> _What to do_: Using the records below, give the number of lines where the string "Drive" shows up. Add nothing to it.

######

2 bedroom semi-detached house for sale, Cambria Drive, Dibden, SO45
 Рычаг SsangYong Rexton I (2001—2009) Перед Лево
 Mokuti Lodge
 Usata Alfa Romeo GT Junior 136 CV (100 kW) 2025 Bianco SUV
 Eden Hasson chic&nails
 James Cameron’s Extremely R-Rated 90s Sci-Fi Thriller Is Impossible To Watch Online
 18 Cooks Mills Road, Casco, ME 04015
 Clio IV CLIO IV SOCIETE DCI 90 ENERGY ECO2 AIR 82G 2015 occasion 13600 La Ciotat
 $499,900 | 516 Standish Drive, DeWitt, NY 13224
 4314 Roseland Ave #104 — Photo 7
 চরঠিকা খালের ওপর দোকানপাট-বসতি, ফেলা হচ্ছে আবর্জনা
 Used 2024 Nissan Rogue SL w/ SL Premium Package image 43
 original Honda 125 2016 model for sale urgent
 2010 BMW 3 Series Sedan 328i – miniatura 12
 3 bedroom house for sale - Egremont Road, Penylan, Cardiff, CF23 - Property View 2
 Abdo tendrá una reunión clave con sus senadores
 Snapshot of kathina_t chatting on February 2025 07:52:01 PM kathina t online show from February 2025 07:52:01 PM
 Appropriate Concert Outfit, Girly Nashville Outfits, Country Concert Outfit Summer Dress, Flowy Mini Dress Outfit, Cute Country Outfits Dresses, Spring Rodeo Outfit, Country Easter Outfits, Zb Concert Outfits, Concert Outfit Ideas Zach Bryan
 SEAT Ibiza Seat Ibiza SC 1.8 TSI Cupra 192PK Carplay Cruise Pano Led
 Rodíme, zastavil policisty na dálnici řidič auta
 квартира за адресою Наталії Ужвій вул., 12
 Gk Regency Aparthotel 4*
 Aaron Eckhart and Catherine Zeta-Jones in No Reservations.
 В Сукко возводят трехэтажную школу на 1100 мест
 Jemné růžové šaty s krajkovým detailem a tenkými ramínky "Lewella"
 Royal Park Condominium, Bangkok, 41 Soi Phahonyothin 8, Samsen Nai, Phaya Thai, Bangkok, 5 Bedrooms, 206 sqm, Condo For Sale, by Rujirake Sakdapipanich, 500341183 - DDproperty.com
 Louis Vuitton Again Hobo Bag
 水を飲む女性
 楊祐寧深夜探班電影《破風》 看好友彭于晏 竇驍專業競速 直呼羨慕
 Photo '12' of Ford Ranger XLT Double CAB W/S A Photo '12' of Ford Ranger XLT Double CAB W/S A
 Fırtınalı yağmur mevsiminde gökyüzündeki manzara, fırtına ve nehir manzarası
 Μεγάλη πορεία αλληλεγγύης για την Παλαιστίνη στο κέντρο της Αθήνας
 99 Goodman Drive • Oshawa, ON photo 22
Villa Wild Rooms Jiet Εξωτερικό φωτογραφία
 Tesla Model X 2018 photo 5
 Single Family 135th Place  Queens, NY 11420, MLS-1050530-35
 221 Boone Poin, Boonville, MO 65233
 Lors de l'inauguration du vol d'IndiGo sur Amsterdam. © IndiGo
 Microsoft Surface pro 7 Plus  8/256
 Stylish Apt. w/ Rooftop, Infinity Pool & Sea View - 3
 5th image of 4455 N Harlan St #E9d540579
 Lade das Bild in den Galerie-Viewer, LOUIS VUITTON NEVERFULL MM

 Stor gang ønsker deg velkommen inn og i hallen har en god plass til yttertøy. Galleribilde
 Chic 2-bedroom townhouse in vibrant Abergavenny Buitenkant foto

######

> _Task solution_: 3